### TASK DESCRIPTION:
What you produce should be an exact transcription of the data, minus any pictures.

### DATASET EXCERPT:
++++++++++
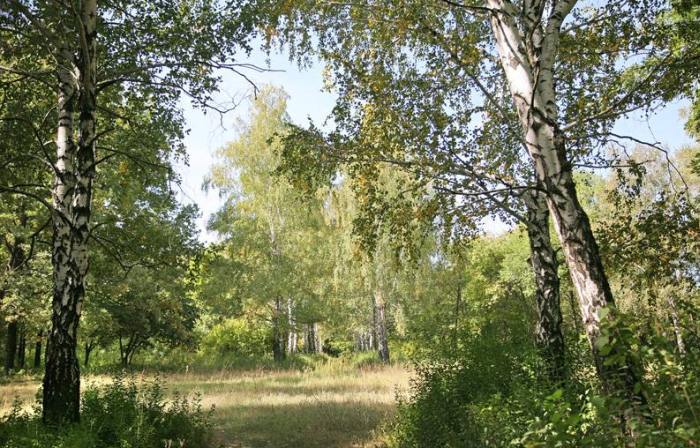 În stepele din Doneţk creşte cea mai mare pădure din Europa, creată de mâna omului. Istoria lui Victor Graff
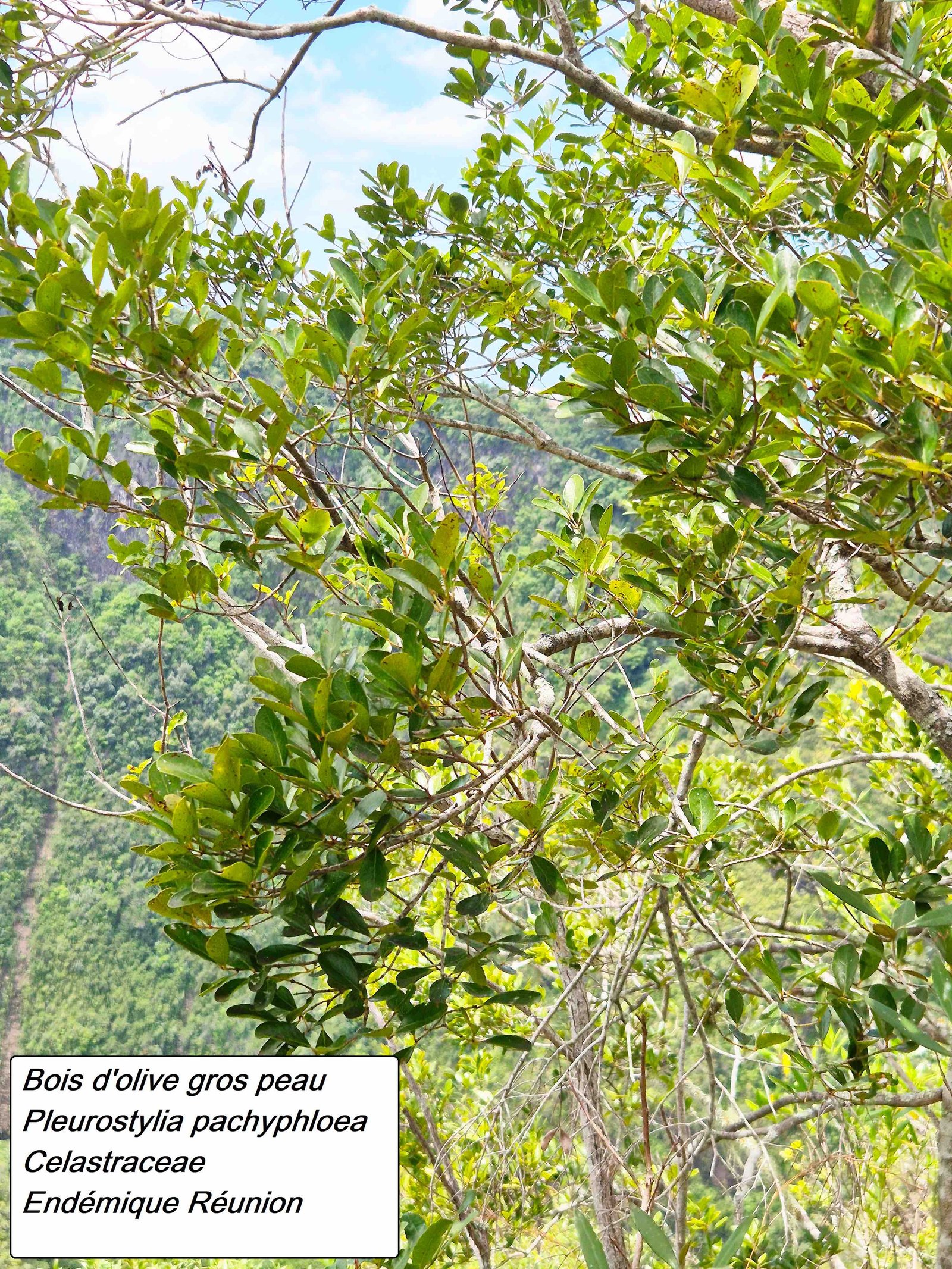 76- Bois d'olive gros peau (1)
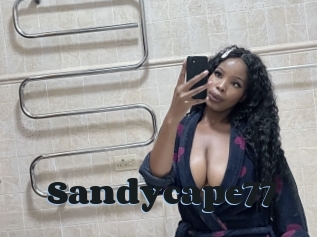 Sandycape77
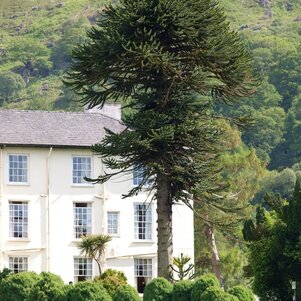 Araucaria araucana dospelý strom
++++++++++
### ANSWER BOX:
 În stepele din Doneţk creşte cea mai mare pădure din Europa, creată de mâna omului. Istoria lui Victor Graff
 76- Bois d'olive gros peau (1)
 Sandycape77
 Araucaria araucana dospelý strom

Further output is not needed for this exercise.